▶ **BRIEF**
Write out the lines below once more, exactly as they appear. Do not include pictures.

▶ **PROVIDED MATERIAL**

+++

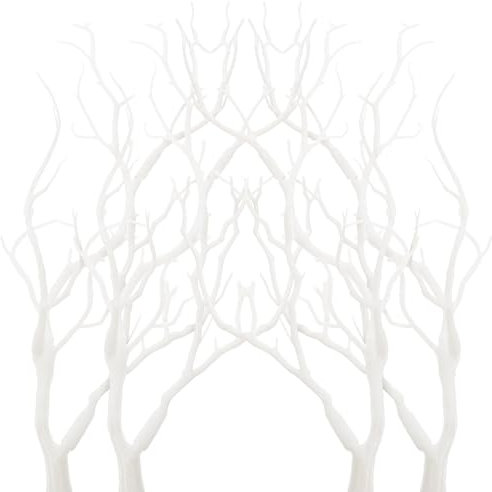 BESPORTBLE 4 Stück Faux Geweih Zubehör Layout-Requisiten Hohe Gefälschte Pflanzenstängel Manzanita-zweige Für Vase Manzanita-Baum Boho-weihnachtsdekorationen DIY Tisch Weiß Halloween Plastik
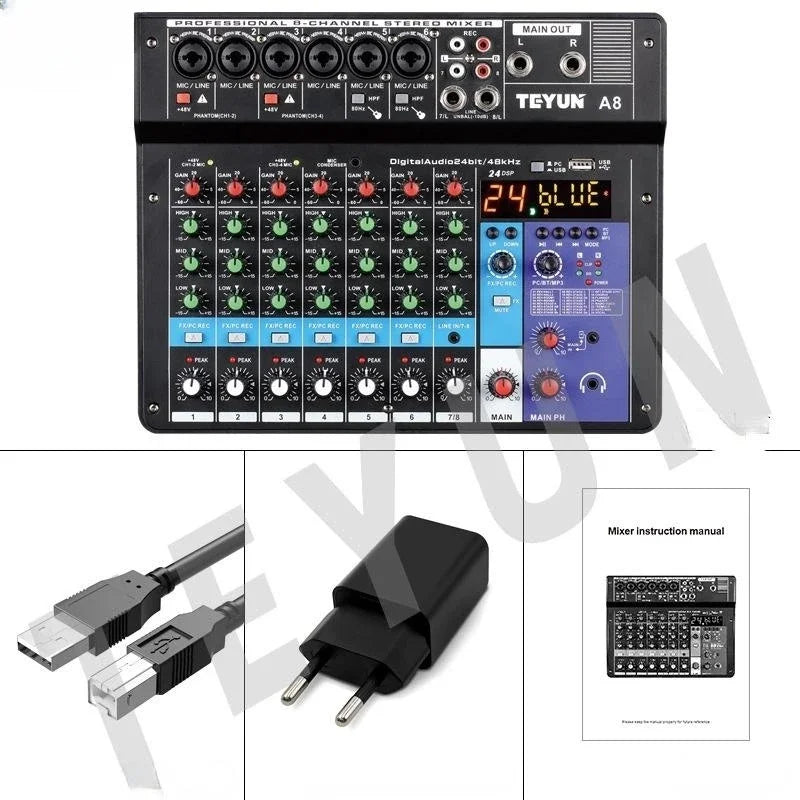 Professional 8-6-4 channel digital mixer sound card microphone mobile phone live broadcast computer recording DJ audio equipment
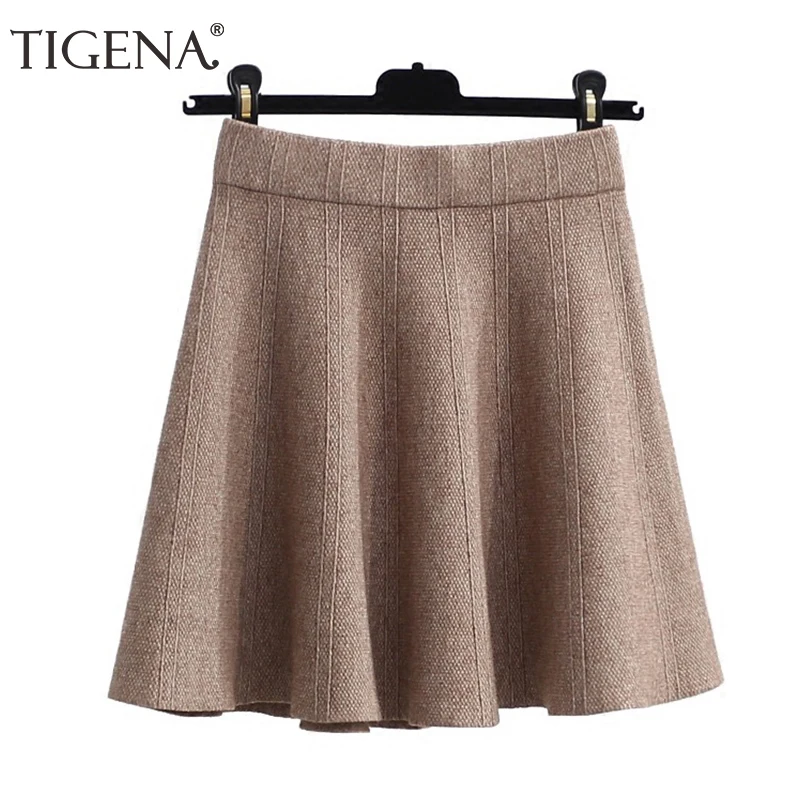 TIGENA Warm Knitted Skirts Womens Autumn Winter Elastic High Waist Pleated Mini Skirt Female Black Khaki Gray Skirt Girls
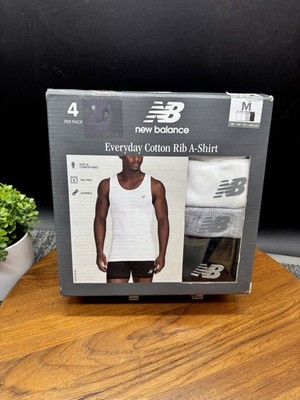 Men s New Balance Everyday Cotton Rib A-Shirts Tank 4 Pk MED Multi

+++

▶ **SOLUTION**
 BESPORTBLE 4 Stück Faux Geweih Zubehör Layout-Requisiten Hohe Gefälschte Pflanzenstängel Manzanita-zweige Für Vase Manzanita-Baum Boho-weihnachtsdekorationen DIY Tisch Weiß Halloween Plastik
 Professional 8-6-4 channel digital mixer sound card microphone mobile phone live broadcast computer recording DJ audio equipment
 TIGENA Warm Knitted Skirts Womens Autumn Winter Elastic High Waist Pleated Mini Skirt Female Black Khaki Gray Skirt Girls
 Men s New Balance Everyday Cotton Rib A-Shirts Tank 4 Pk MED Multi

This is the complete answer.